### Dataset content
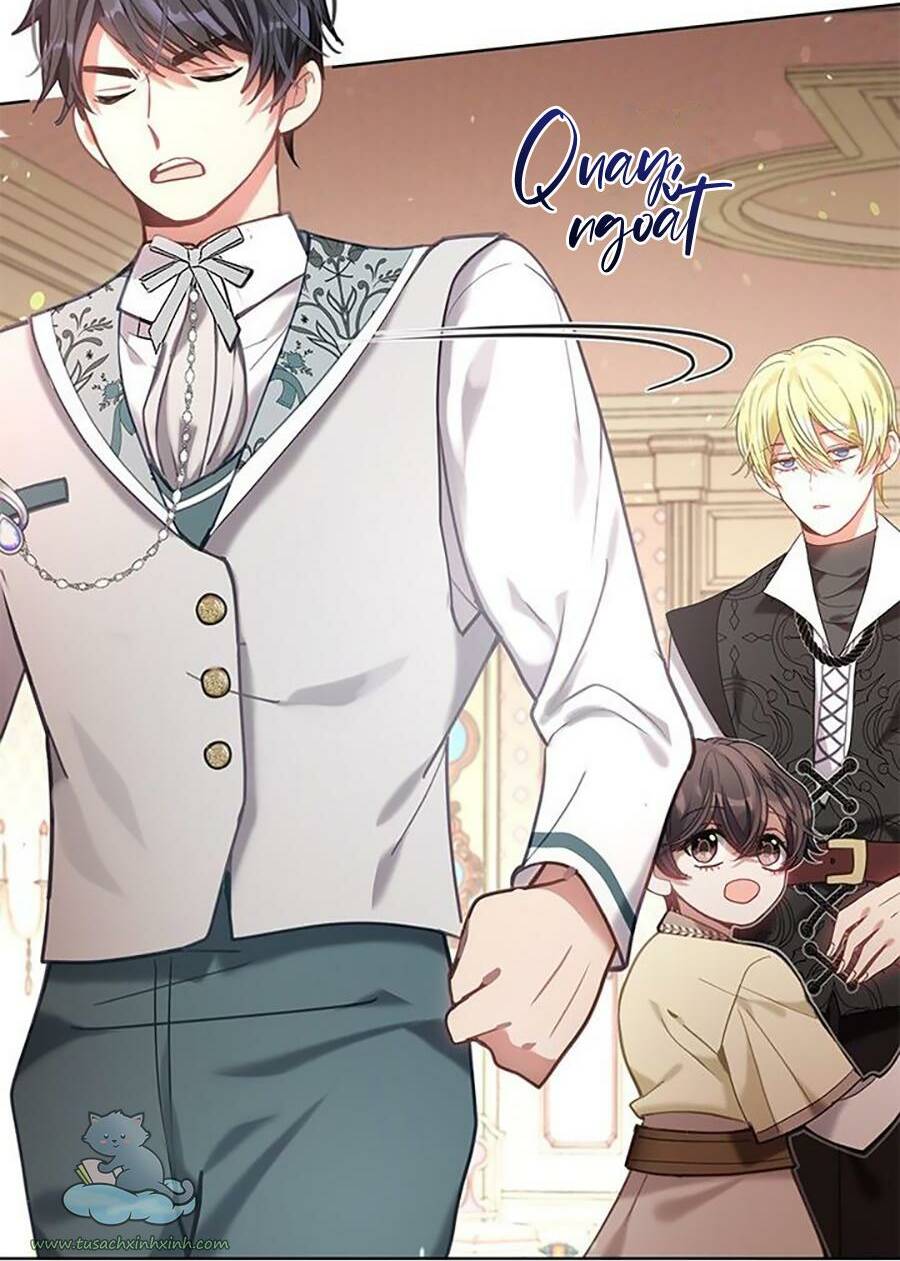 Thành Viên Trong Gia Đình Phát Cuồng Vì Tôi: Chapter 29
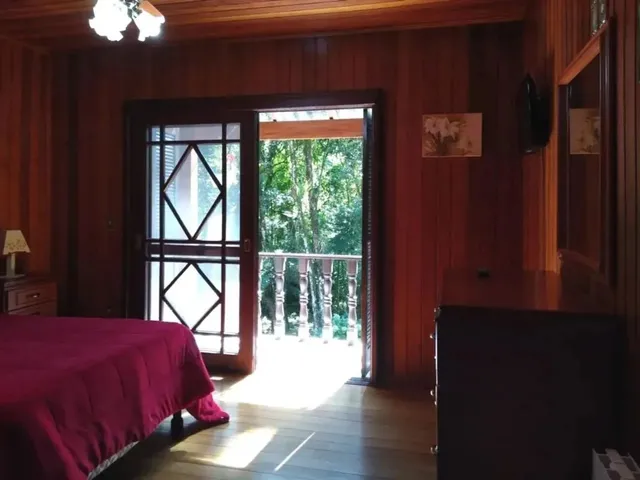 Imagem 16: Casa 4 Ou + Dormitórios - Bairro Centro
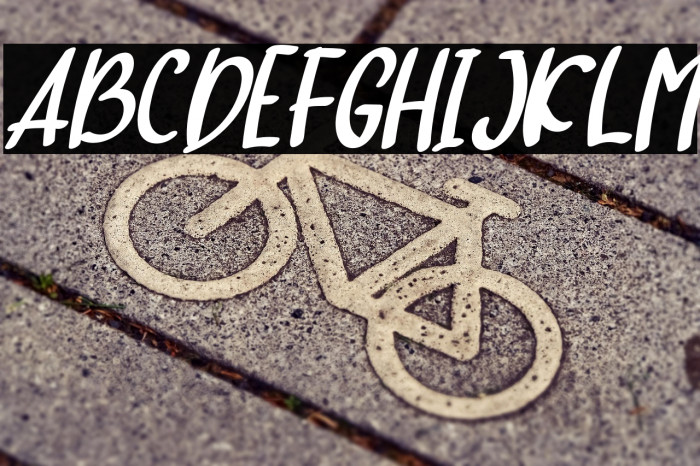 hello baby Italic Example 3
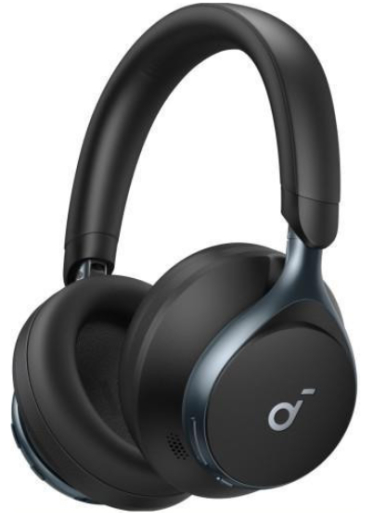 Навушники ANKER SoundСore Space One Black - 4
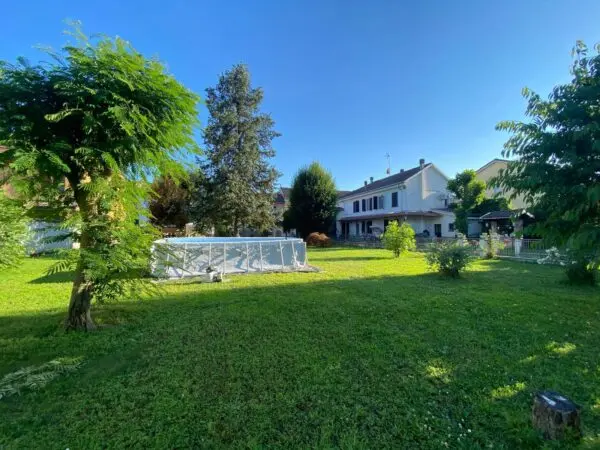 Casa Indipendente via, Alessandria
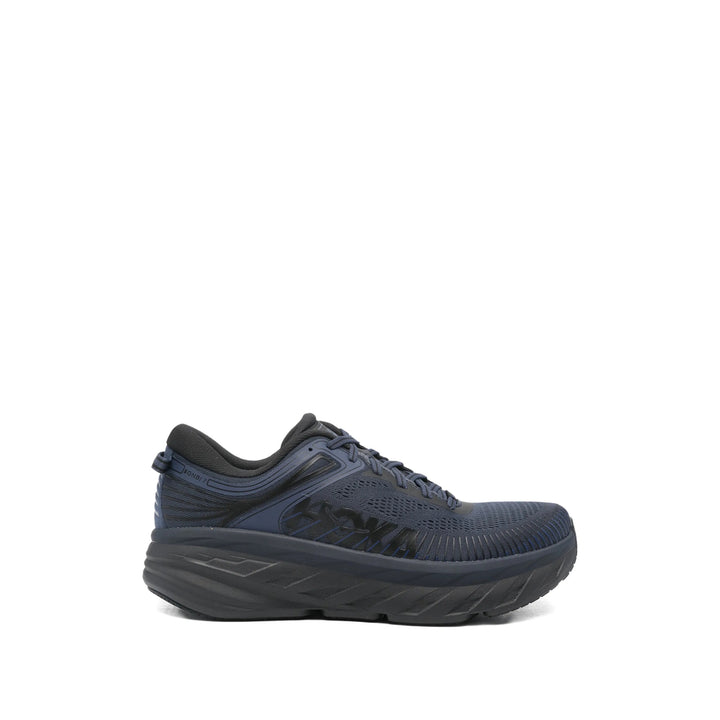Hoka Sneakers - Blue, Black | 827477d4f9dfb56c90e2eb609f08260e5781061f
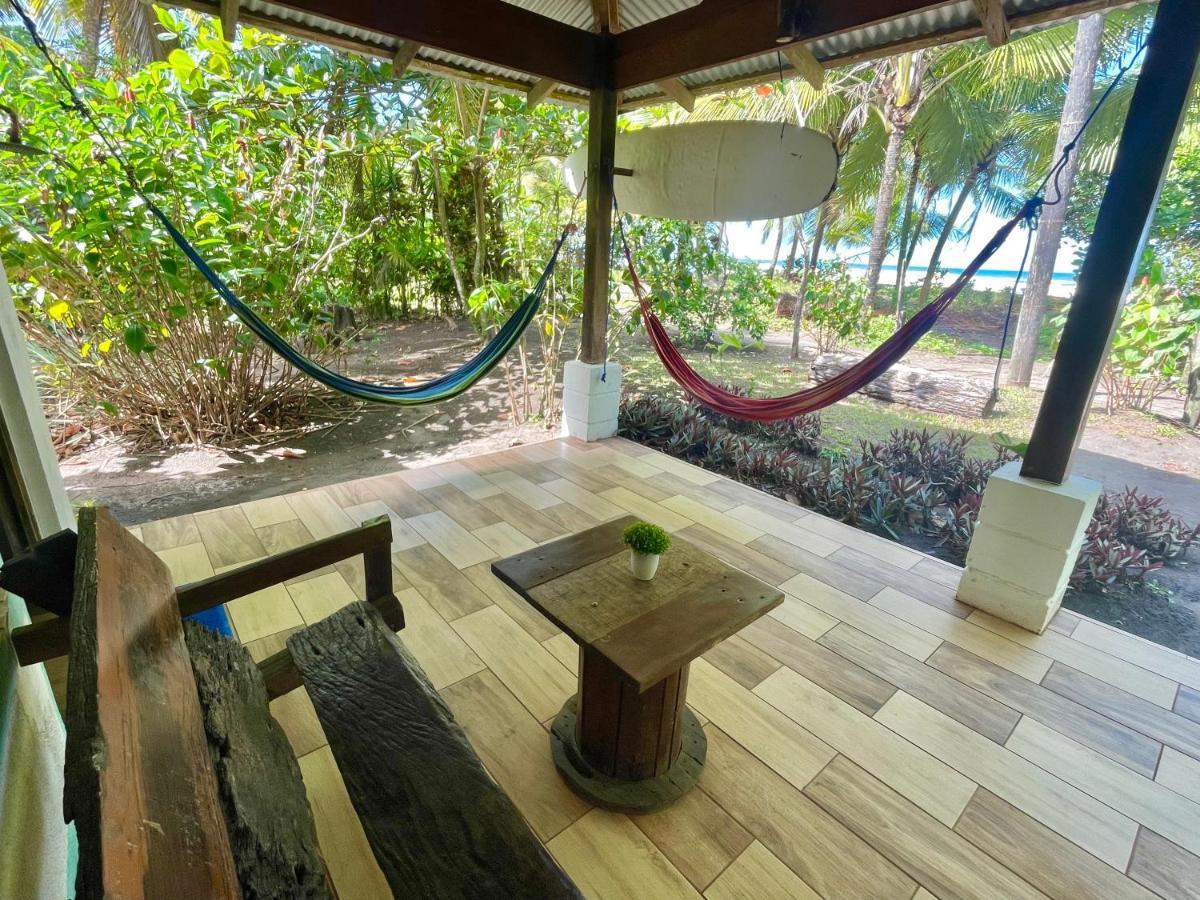 Casa Turtle Bogue Tortuguero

### Exercise
Pictures stay out of this copy; write out the entries above exactly.

### Result for this exercise
 Thành Viên Trong Gia Đình Phát Cuồng Vì Tôi: Chapter 29
 Imagem 16: Casa 4 Ou + Dormitórios - Bairro Centro
 hello baby Italic Example 3
 Навушники ANKER SoundСore Space One Black - 4
 Casa Indipendente via, Alessandria
Hoka Sneakers - Blue, Black | 827477d4f9dfb56c90e2eb609f08260e5781061f
 Casa Turtle Bogue Tortuguero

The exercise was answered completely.